Le gouvernement de la RD Congo dénonce régulièrement l’entrée de soldats angolais sur son territoire, affirmant souvent être à la poursuite d’éléments du Front de libération de l’enclave de Cabinda (FLEC).
Pour rappel, entre 2007 et 2012, les troupes angolaises avaient occupé des villages congolais dans la province du Bas-Congo pour y contrer la présence présumée du FLEC, provoquant des déplacements de population. En août 2011 et en mai et novembre 2012, de nouveaux combats éclatent dans la région de Tshela (RDC) entre les Forces armées angolaises (FAA) et les combattants du FLEC. De même, en janvier 2007, les troupes angolaises avaient déjà occupé treize localités congolaises dans le territoire de Kahemba et ses environs, dans la province du Bandundu. Le drapeau angolais y avait été hissé, sur fond de contestation du tracé frontalier. Le territoire de Kahemba dispose de cours d’eau dont les alluvions sont particulièrement riches en diamants. Depuis 2003, plusieurs milliers de creuseurs clandestins de diamant congolais ont été expulsés des provinces angolaises voisines de Lunda Norte et Sul. Enfin, le 13 octobre 2013, un bataillon de militaires angolais – environ 500 hommes accompagnés d’engins blindés – en provenance de l’enclave de Cabinda, avait occupé cinq localités du Congo-Brazzaville, avant de se retirer après une négociation entre les autorités des deux pays.

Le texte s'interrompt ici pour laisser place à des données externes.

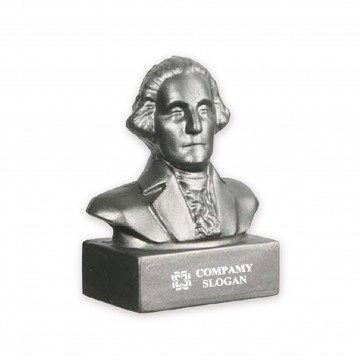 Squishy Washington Bust Shape Reliever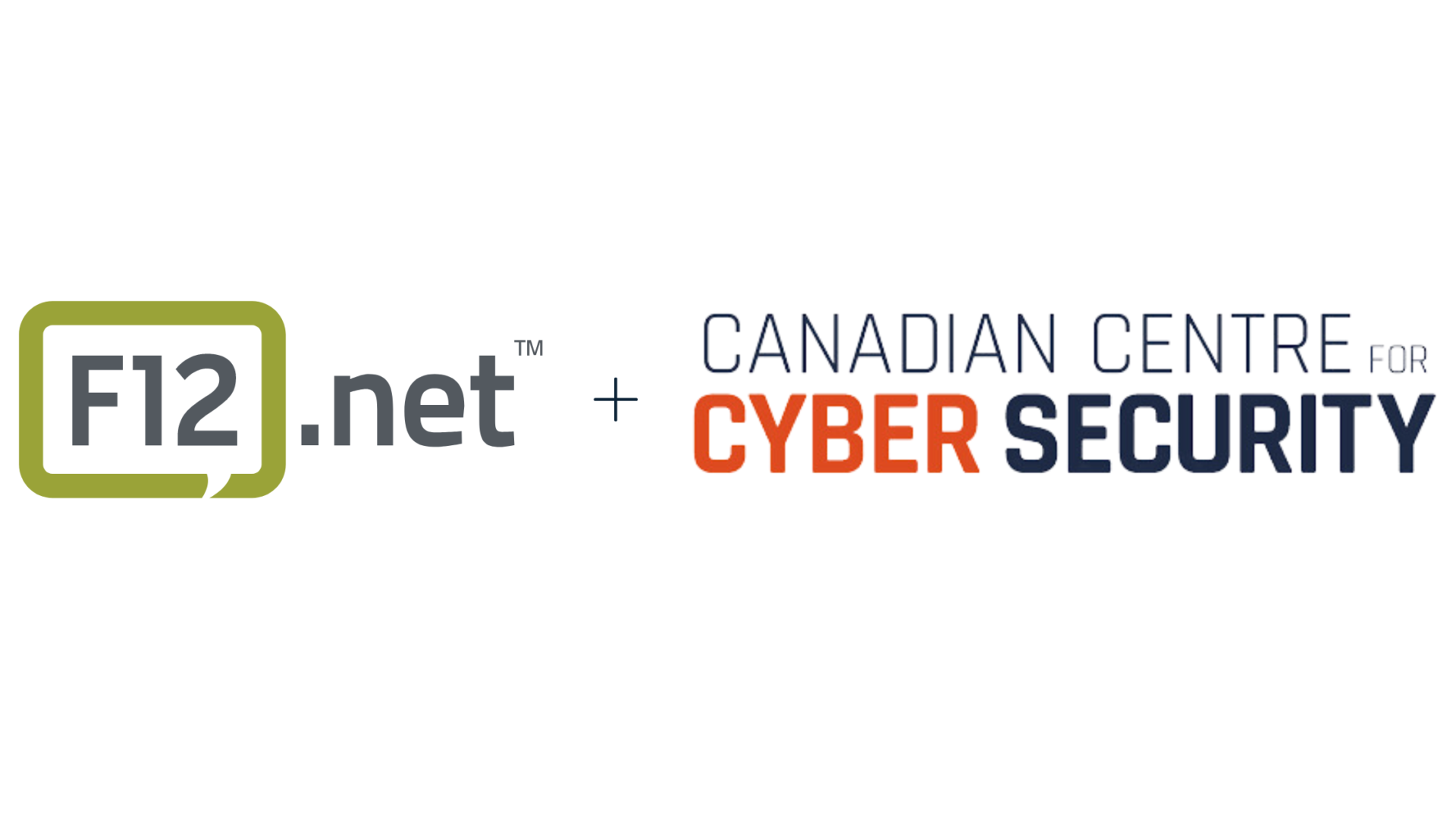 F12.net Announces Strategic Partnership with the Canadian Centre for Cyber Security (CCCS)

L’absence de réaction des autorités congolaises, à l’envoi de plusieurs rapports confidentiels, par l’Angola, relatifs aux activités du FLEC sur le territoire congolais, pourraient éclairer ce mouvement d’humeur côté angolais et l’incursion territoriale d’octobre 2013 (Luntumbue, M. & Wondo, JJ. 2015). Depuis 2017, à la suite des conflits meurtriers au Kasaï, l’armée angolaise a déployée son infanterie militaire, appuyée de tanks et d’une artillerie lourde, le long des frontières communes ouest et au nord-est de l’Angola, dans les provinces de Lunda Norte et de Mexico qui ont accueilli le gros des réfugiés congolais.